> _PROBLEM_:
Exclude the pictures, then copy all remaining records exactly.
*** Opening EXTRACTED DATA ***
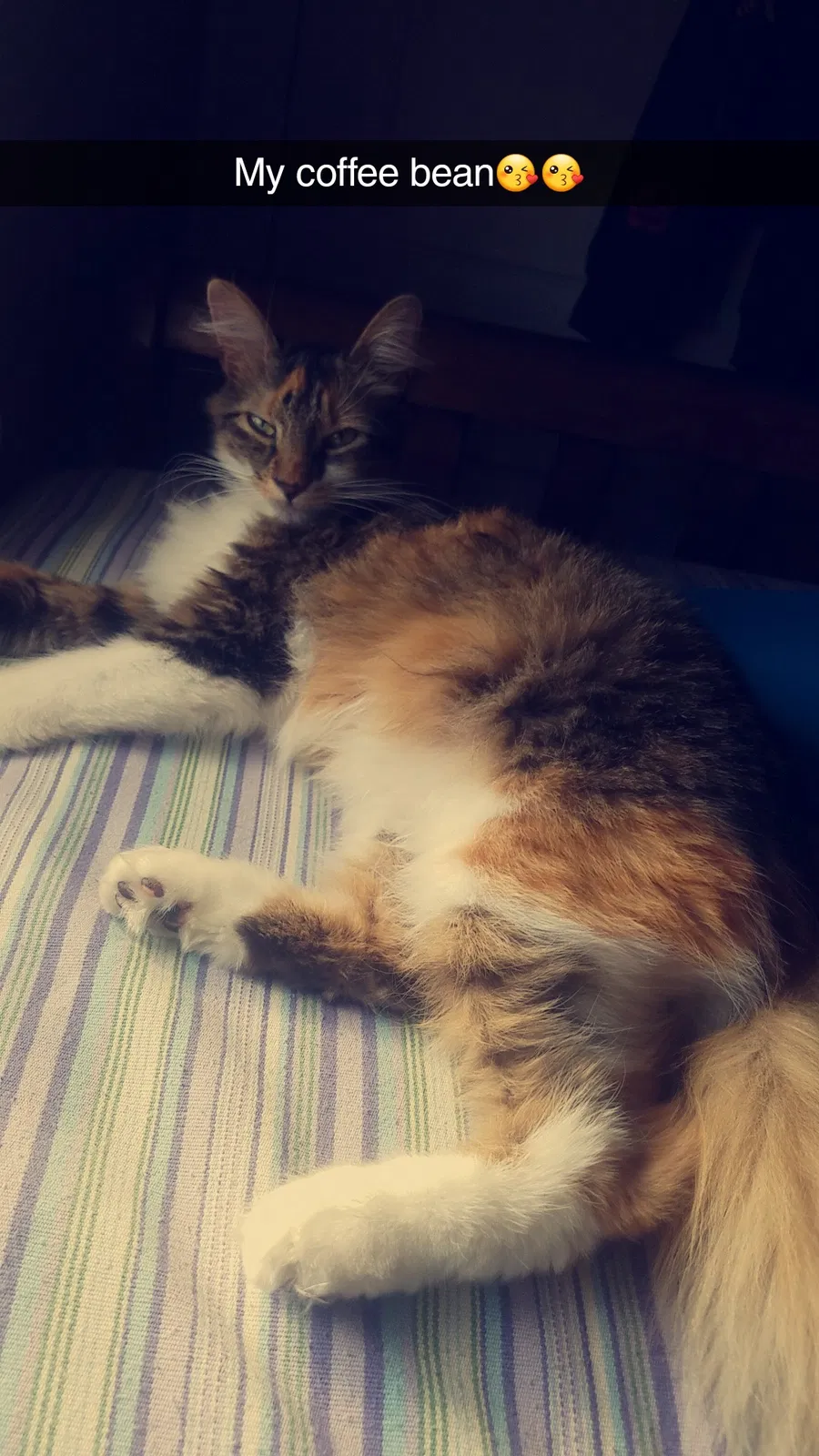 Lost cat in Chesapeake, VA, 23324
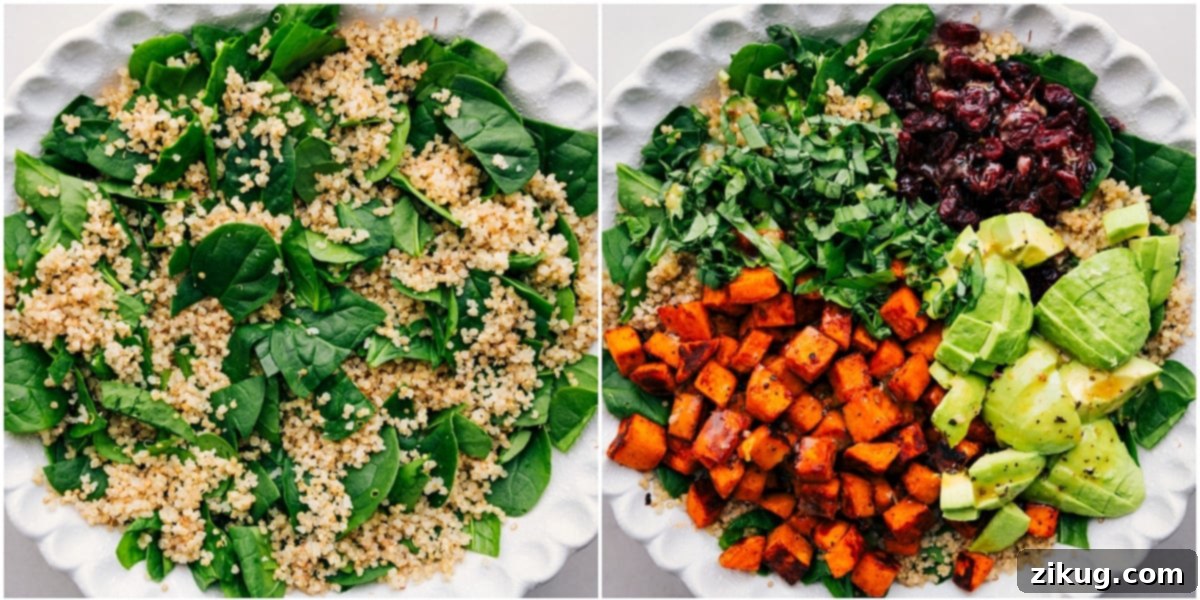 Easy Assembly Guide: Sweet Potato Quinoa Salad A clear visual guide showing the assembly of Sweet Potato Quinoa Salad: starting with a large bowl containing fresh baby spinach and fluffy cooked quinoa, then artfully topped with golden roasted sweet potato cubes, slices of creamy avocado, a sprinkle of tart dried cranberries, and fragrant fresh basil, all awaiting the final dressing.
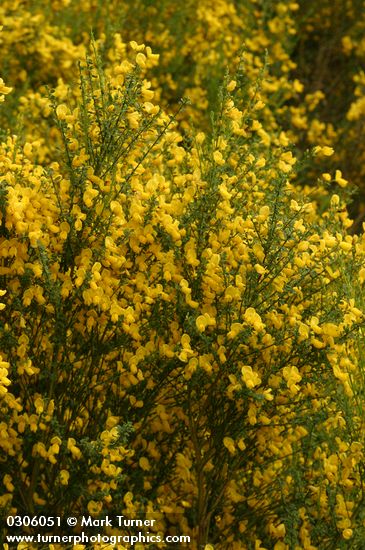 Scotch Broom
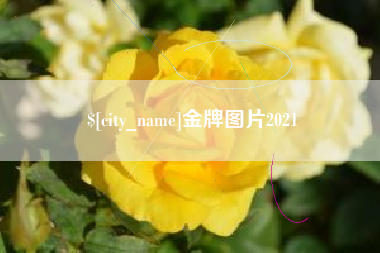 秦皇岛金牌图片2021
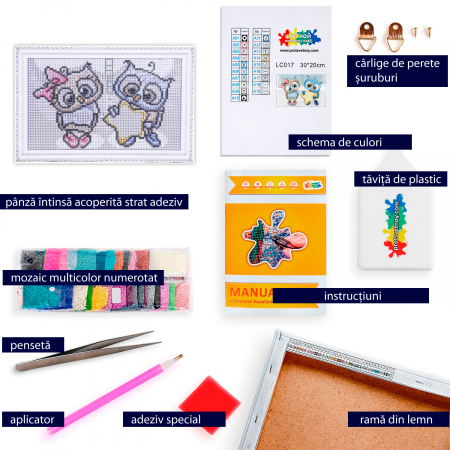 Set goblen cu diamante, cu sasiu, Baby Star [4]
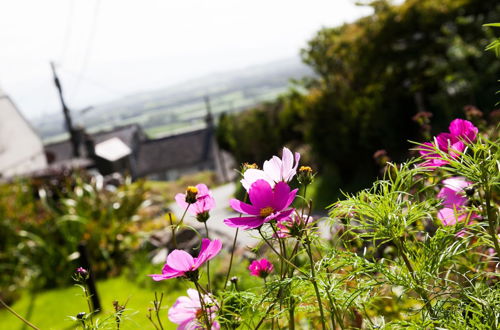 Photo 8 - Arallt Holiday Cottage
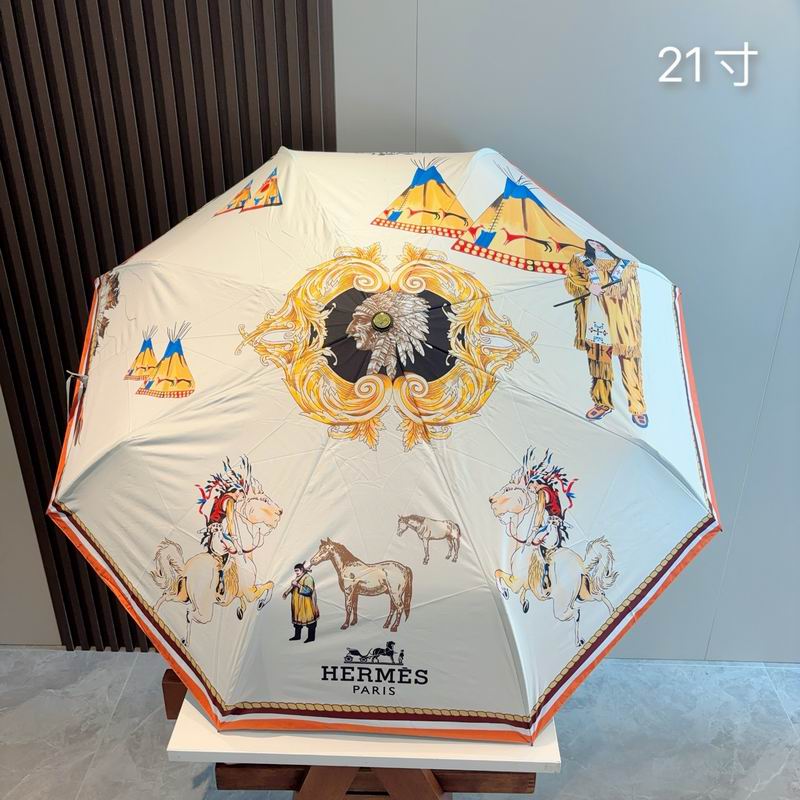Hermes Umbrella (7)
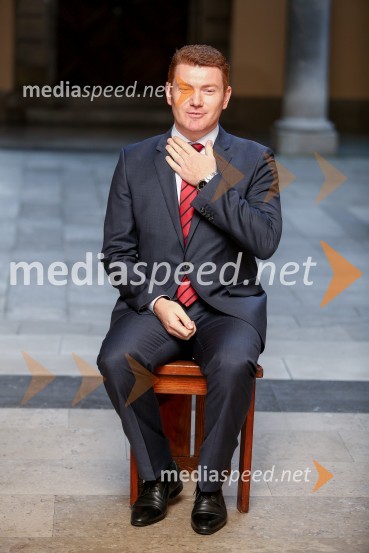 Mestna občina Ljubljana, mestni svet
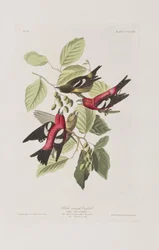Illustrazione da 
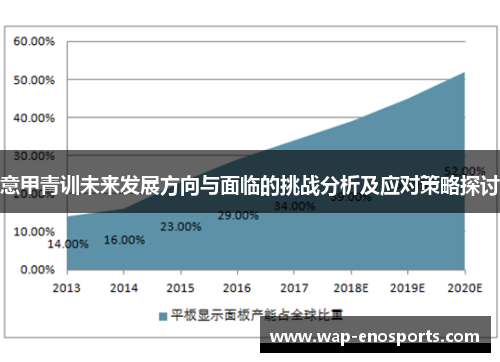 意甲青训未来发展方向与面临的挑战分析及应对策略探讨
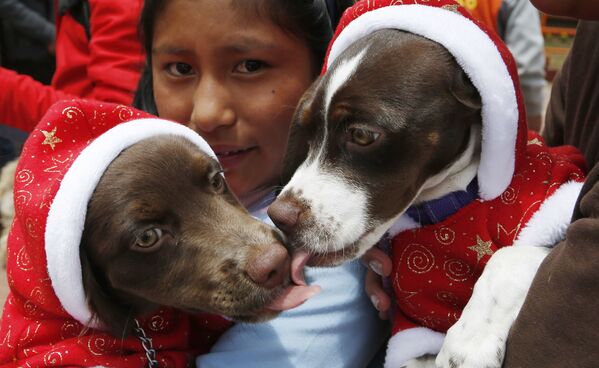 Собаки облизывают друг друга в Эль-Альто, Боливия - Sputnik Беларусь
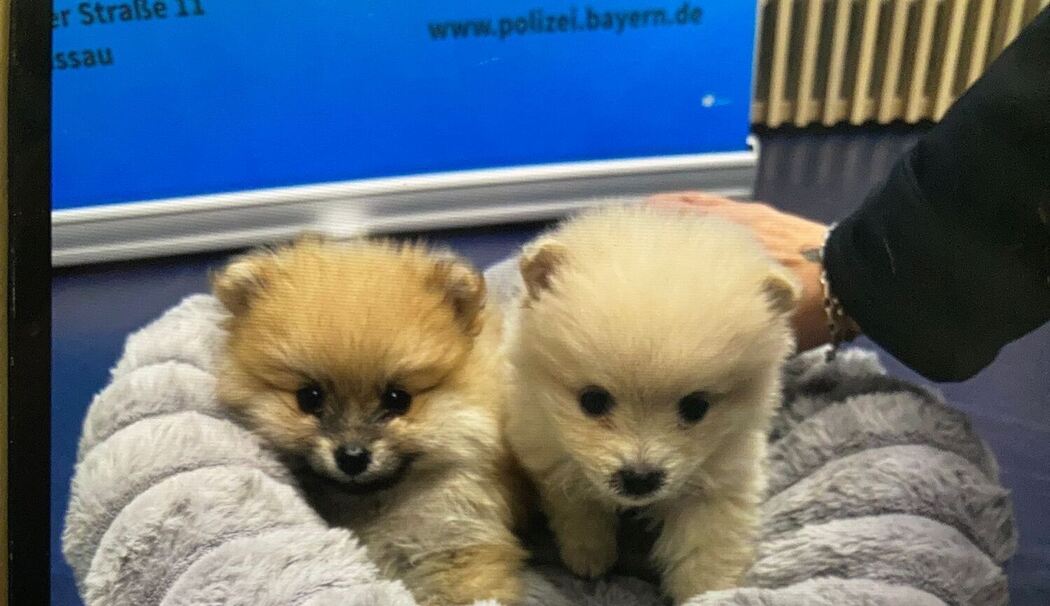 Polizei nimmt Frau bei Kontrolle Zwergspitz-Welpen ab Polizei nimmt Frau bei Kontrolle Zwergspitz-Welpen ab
*** Closing EXTRACTED DATA ***
> _EXERCISE SOLUTION_:
 Lost cat in Chesapeake, VA, 23324
 Easy Assembly Guide: Sweet Potato Quinoa Salad A clear visual guide showing the assembly of Sweet Potato Quinoa Salad: starting with a large bowl containing fresh baby spinach and fluffy cooked quinoa, then artfully topped with golden roasted sweet potato cubes, slices of creamy avocado, a sprinkle of tart dried cranberries, and fragrant fresh basil, all awaiting the final dressing.
 Scotch Broom
 秦皇岛金牌图片2021
 Set goblen cu diamante, cu sasiu, Baby Star [4]
 Photo 8 - Arallt Holiday Cottage
Hermes Umbrella (7)
 Mestna občina Ljubljana, mestni svet
Illustrazione da 
 意甲青训未来发展方向与面临的挑战分析及应对策略探讨
 Собаки облизывают друг друга в Эль-Альто, Боливия - Sputnik Беларусь
 Polizei nimmt Frau bei Kontrolle Zwergspitz-Welpen ab Polizei nimmt Frau bei Kontrolle Zwergspitz-Welpen ab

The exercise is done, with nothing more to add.